# THE PROBLEM
Print the lines below from the line with "Coastal Lighthouse-Themed Four-Piece" to the line with "Sebastian Inlet, United Statesの潮見表地図" exactly, keeping both ends, and print no pictures.

# DATA FOR ANALYSIS

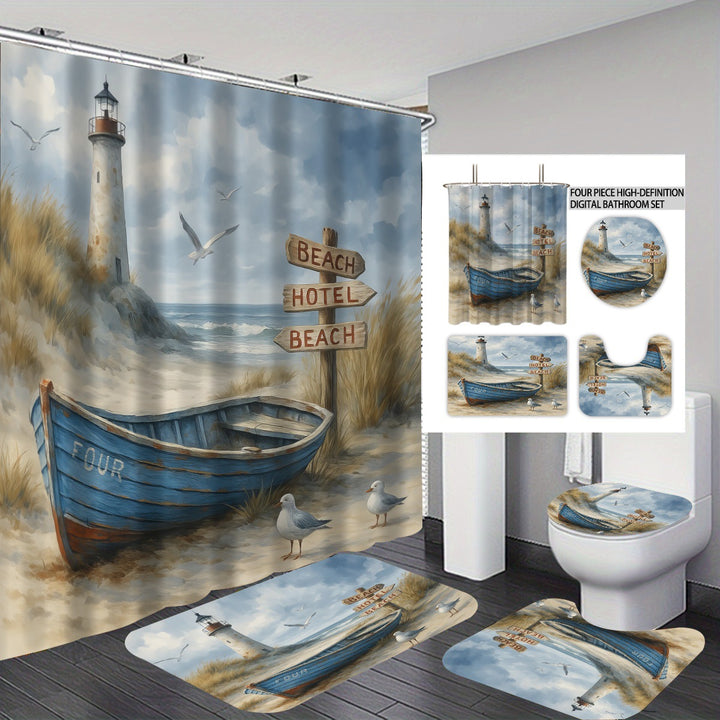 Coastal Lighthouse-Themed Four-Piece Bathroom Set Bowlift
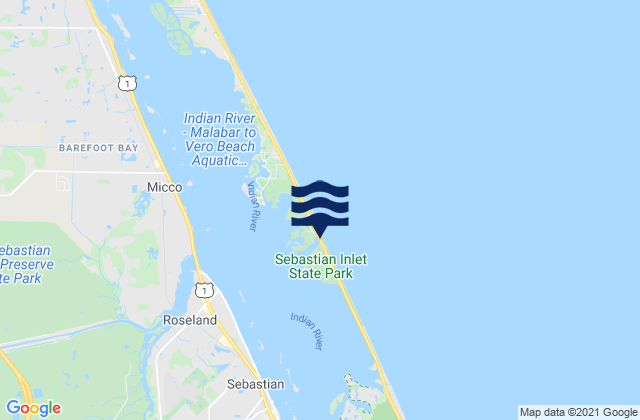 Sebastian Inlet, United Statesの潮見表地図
--
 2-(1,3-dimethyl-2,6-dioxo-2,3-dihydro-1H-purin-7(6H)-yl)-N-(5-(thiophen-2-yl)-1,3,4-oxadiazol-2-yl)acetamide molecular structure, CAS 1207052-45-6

# THE COMPLETED TASK
 Coastal Lighthouse-Themed Four-Piece Bathroom Set Bowlift
 Sebastian Inlet, United Statesの潮見表地図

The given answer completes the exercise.